We identified 149 unrelated individuals from the UK Biobank with self-reported measures of sleep duration and carrying a previously reported pathogenic variant for natural short sleep in ADRB1 (A817V, n = 69), DEC2/BHLHE41 (P384R, n = 10), or GRM1 (S458A, n = 67; A889T, n = 3). We found no evidence that these individuals have short sleep durations in the UK Biobank...

The null effect of the S458A variant in GRM1 was also observed in FINRISK/Health 2000–2011 where <5 S458A carriers were identified and had no statistically significant difference compared to non-carriers in average sleep duration...

We confirmed the lack of association between previously identified pathogenic variants and sleep duration using accelerometer estimates of sleep in a subset of 34,226 individuals from the UK Biobank...

They also perform a "burden" test in which they gather up all the people that seem to have any high-impact mutation in a particular gene and see if those carriers as a group are different to everyone else. Again, they find no evidence that big changes to the genes carrying alleged "short-sleep" variants actually associate with changes in sleep length. Note that their tests seem to have some specificity, in that they don't reject every one of the claims of association analysed. They also look at variants that were previously claimed to associate with a different sleep-related trait - going to bed earlier or later than other people - and do find some degree of support for a few of those genes/variants. 
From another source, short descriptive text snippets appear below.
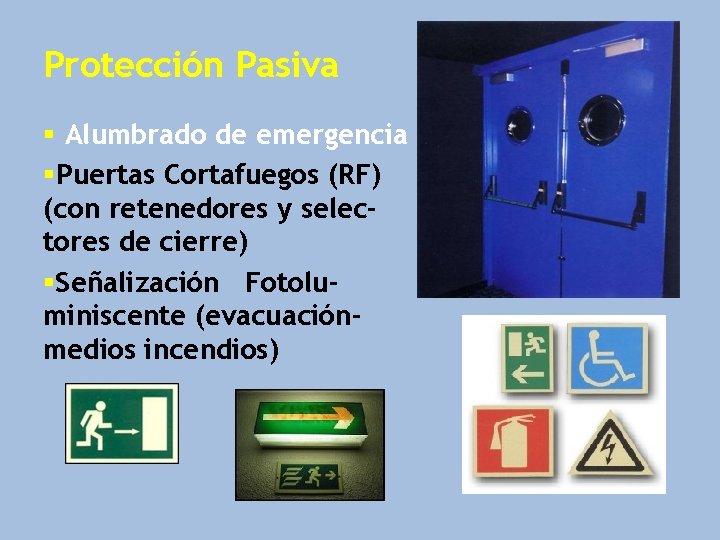 Protección Pasiva § Alumbrado de emergencia §Puertas Cortafuegos (RF) (con retenedores y selectores de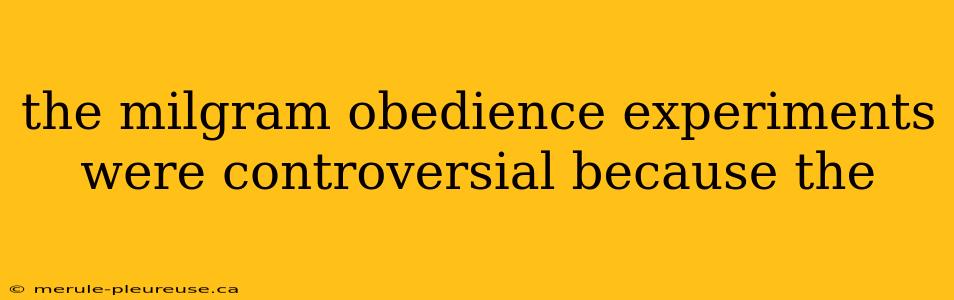 the milgram obedience experiments were controversial because the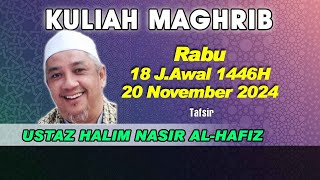 20112024 KULIAH MAGHRIB  USTAZ HALIM B NASIR ALHAFIZ [upl. by Trebled]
To be clear, this paper really represents the test you'd want to do to settle basically once and for all whether these supposed short-sleep variants affect sleep. They find usually dozens of other carriers for these variants, and the large posited effect sizes of ~1 full standard deviation or more, which should be perfectly detectable, just don't appear.  This study seems to be very strong evidence that the variants mentioned in the above post are not actually associated with shorter sleep. I suppose the negative evidence is a bit less strong for a few specific variants that were found only rarely in these comparison datasets, but the burden tests and my GWAS Catalog search still point towards those genes in toto not having a strong role. My steelman case for the opposing side would involve some technical arguments. For instance, maybe the variants like DEC2 P384R actually tag some haplotype in the original families which also carries some other marker which really is causative, but again the burden tests and GWAS Catalog points against this. I also suspect that the burden test might be underpowered, but I can't evaluate this easily. I think the NPSR1 variant is the most likely to be genuinely associated with sleep. It's so rare that it wasn't found in the 2022 study and so couldn't be analysed, and the gene is reported to have a few weak associations with some behavioural traits GWAS Catalog, but I still think it's very likely to not replicate independently.
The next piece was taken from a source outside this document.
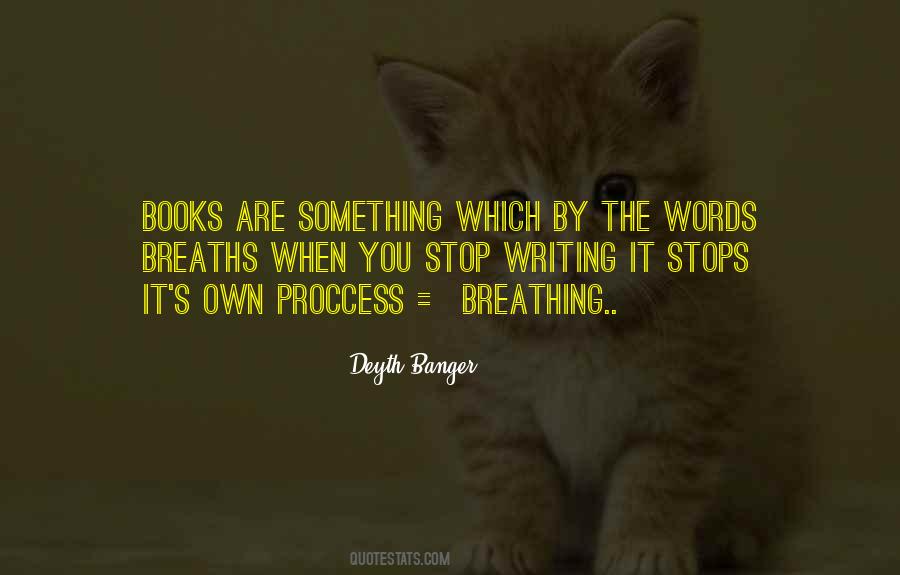 Breathing Words Quotes #1522932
I will end quite forcefully and say that anybody who does a clear-eyed assessment of the current state of evidence should realise that it is very unlikely that any of the variants mentioned in the OP genuinely cause much shorter sleep in humans, and extremely unlikely that more than one of them does. Fu should no longer promote the idea unless they find some new, overwhelmingly strong supporting evidence.

  1. ^

    DEC2: 2 affected and 5 non-affected in one family.

    NPSR1: 2 affected and 1 non-affected in one family, additional knowledge that the candidate variant is very rare outside the family.
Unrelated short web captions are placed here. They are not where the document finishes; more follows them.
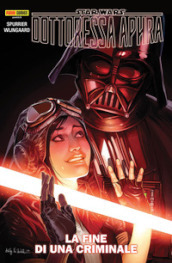 La fine di un criminale. Dottoressa Aphra. Star Wars. 7.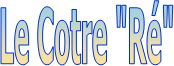 Le Cotre "R�"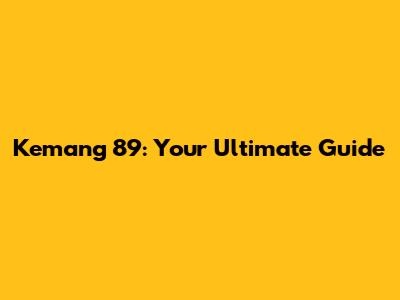 Kemang 89: Your Ultimate Guide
    ADRB1: 5 carriers and 3 non-affected in one family analysed by linkage analysis, 4 of those had part of their genome sequenced. An individual who "should" have carried the variant according to linkage analysis actually slept a normal amount.

    GRM1: 2 different variants in 2 different families, one with 3 affected and 4 non-affected, the other with 1 (arguably 2?) affected and 1 non-affected. 4 affected across the families had part of their genome sequenced.

    You are really not narrowing down the massive genomic search very much when you look at such small numbers of people. Some of these variants aren't even that rare in the general population - 1 in 1000 people or so being carriers. At frequencies and posited effect sizes this high, the finding would be pretty easy to replicate elsewhere, and as far as I can see they haven't.